Insouciantly, the little girl hands over the plate of plain tagliatelle she had been so very firm about ordering, and I take it into the kitchen so that the chef can dress it properly on the stove.

None of this is a problem. At eight years old, life is all about getting things wrong. How else are you supposed to work out what you do and don't,like? Besides, without a dedicated children's menu – a deliberate choice we made when we opened our restaurant, Ida in London – some of the dishes on our menu may look a little off-putting to a child's palate.

Next time she goes out to eat, that little girl will remember that tagliatelle with ragu is infinitely tastier than plain pasta, and that is good enough for us. But what I do have an issue with is being instructed to alter a dish according to an adult customer's whims. "Generally, I go to restaurants so that people who are more experienced than me and have better taste than me can, after much trial and error, offer me a set of dishes they know will work," says Jay Rayner.

"We exercise our will when we choose the restaurant. Surely after that the whole point is to select from what's available, not play fantasy menus?"

Ah, yes, fantasy menus. The ones where a customer walks into a restaurant, takes one look at the menu, and decides that it needs improving. We're not talking allergies or intolerances or religious dietary requirements here. No, my beef (excuse the pun) is with diners who treat menus like an exercise in virtual pick and mix. "Could you replace the goats' cheese with an avocado? Add chicken to the Arrabbiata? Please will you make me a fruit salad for dessert?"

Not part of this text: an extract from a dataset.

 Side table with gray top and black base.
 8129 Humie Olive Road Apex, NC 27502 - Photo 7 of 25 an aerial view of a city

Now, I'm no psychologist, so it's not for me to hazard a guess as to why people do this. (Though my hunch is that they are the same people who fire off emails to their hosts weeks before a dinner party as though an invitation were merely the opening salvo in a protracted series of negotiations.)

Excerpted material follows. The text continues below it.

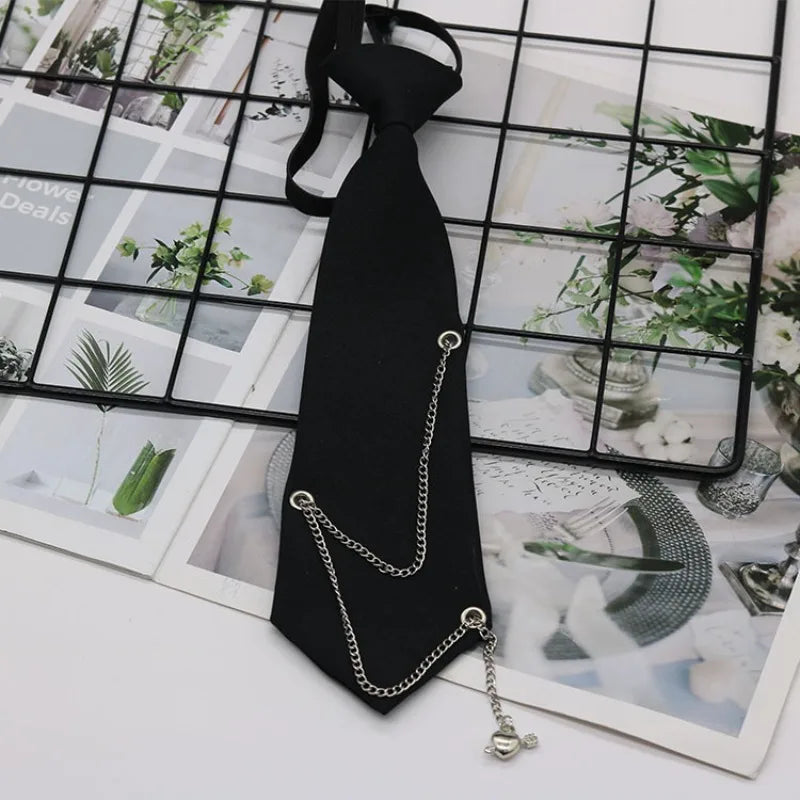 A black classic chain necktie is displayed against a grid background of photographic prints.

Felicity Cloake, a food critic and writer, thinks she knows the answer: "We delight in our self-imposed restrictions, substituting rice for potatoes, asking if the curry can be cooked without oil, requesting the anchovies be left off that salad. And why? To make ourselves feel that little bit more important."

People don't only go out to eat to enjoy great food. In a restaurant, customers want to be waited upon, and indulged, in a way that perhaps 100 years ago was the norm when middle and upper-class people had servants in the home, and nobody had to worry about doing the washing up. After all, it is not a coincidence that the term "hospitality" came to describe the industry that has grown around eating out.

Personally, I don't have a problem with making people feel special. The biggest compliment a customer can pay me is when they tell me they feel as though they are having supper in someone's house when they come to our restaurant. In fact, it's no coincidence that many of our dishes are faithful replicas of the food that my husband's Italian mother and aunts used to prepare for him when he was a little boy.

Recommended

But because our restaurant is in west London, rather than rural Italy, we've had to accommodate the tastes of a huge number of 21st-century metropolitan diners. When we realised that many of our Jewish and Muslim customers were unable to enjoy Avi's mother's traditional Marchigiano ragu with beef, pork and gizzards, we decided to always offer a lamb or veal ragu as an alternative. Similarly, we always have a complement of vegan and vegetarian dishes, which are no way the poor relation of those containing meat. As far as we are concerned, we have tried to cover all bases without ever compromising the integrity of a dish, which is why we tend to look askance at substitutions.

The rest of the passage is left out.